Larry Dammer, Almond St., said longtime residents in his neighborhood already paid for curb and gutter. City administrator Aaron Reeves said life expectancy on infrastructure is often only 20 to 30 years, so long-time homeowners may indeed get hit more than once.

Dammer also recommended including Minnesota Street as part of this project, calling it the worst street in the area and that construction bids and assessments could be better with a larger project. The Minnesota St. work is planned for 2017. Dammer said waiting four years would add costs. Dammer noted that the planned new construction would be downhill from some areas where curb, gutter and storm sewer work is outdated and the new work could be damaged.

Anderson said the sewer and water is not as bad on Minnesota. Reeves said the city has divided the project up into smaller parts based on how much debt it wants to take on. Council member LeRoy McCusker said they didn't want to do too big of a project and have Minnesota Street shut down for too long of a period as it is a major route to the school.
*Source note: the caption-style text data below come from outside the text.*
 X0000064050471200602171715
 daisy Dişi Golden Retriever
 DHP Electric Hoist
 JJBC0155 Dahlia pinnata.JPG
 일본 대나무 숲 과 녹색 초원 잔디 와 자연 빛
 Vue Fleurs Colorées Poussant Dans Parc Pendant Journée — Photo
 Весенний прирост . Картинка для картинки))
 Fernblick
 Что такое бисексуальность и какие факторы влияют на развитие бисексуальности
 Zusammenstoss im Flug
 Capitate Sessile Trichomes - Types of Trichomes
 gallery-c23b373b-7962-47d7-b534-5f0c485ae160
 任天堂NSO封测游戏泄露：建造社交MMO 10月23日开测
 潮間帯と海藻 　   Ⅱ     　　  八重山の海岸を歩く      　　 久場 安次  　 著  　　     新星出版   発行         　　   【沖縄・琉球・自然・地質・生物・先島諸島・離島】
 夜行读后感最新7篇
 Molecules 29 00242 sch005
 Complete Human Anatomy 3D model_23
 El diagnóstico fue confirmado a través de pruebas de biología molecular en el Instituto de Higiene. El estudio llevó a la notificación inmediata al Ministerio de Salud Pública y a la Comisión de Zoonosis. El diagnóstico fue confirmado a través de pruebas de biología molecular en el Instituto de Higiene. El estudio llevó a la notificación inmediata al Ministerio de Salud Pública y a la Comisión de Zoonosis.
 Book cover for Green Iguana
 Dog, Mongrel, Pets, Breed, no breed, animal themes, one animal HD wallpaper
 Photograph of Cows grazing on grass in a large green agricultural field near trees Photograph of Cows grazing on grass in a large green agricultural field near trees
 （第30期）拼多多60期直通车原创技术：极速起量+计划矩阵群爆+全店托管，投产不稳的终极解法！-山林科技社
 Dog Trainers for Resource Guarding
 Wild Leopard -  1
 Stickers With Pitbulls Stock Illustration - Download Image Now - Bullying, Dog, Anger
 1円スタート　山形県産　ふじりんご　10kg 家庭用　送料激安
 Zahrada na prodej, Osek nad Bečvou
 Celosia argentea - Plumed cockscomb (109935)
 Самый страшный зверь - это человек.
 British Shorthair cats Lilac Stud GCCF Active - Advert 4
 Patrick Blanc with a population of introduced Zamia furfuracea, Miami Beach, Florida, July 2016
Greg Miller, State St., noted that he and three other residents marked for assessment paid for new sewer and water in 2001 and that they hook-up to the Hwy. 19 lines. Reeves said the city would review and may have to adjust those assessments.

Holding tank on Stoughton

The Council unanimously approved a request to allow a holding tank to be used as a septic system at a recently purchased house just to the south of the swimming pool on Stoughton St. The house was purchased for $20,000 and needs extensive repair work. The house has never been hooked up to city services. Its current septic system was condemned by the County at a recent inspection. Hooking up to the city sewer would cost an estimated $44,000. The property owner will be required to hook up to city water. The holding tank is similar to what is used at many lakeshore properties and is pumped out when full.

Police personnel moves

The Council accepted with regrets the resignation of Police Officer Steve Sutton-Brown after over five years in Cannon Falls. He is joining the Goodhue County Sheriff's Office.

The Council approved the promotion of Police Officer Mike Ayres from part-time (for about two years) to full-time.

Police Chief Jeff McCormick was authorized to fill the part-time position vacated by Ayres.

Library spending

Two purchases were approved for the Library project: New mobile shelving units for $29,696 and some extra insulation (about $800 cost) around the mechanical room and the break area for noise reduction.


The purchase of playground equipment for Hannah's Bend Park was approved for $55,778. A grant will reduce the city's cost to $34,174. There is no playground in that park currently...The Council approved a quit claim reading on a one foot encroachment onto city property of the building occupied by Dudley's Pizza. The move will help Dudley Flodeen in the process of purchasing a portion of the building for his business.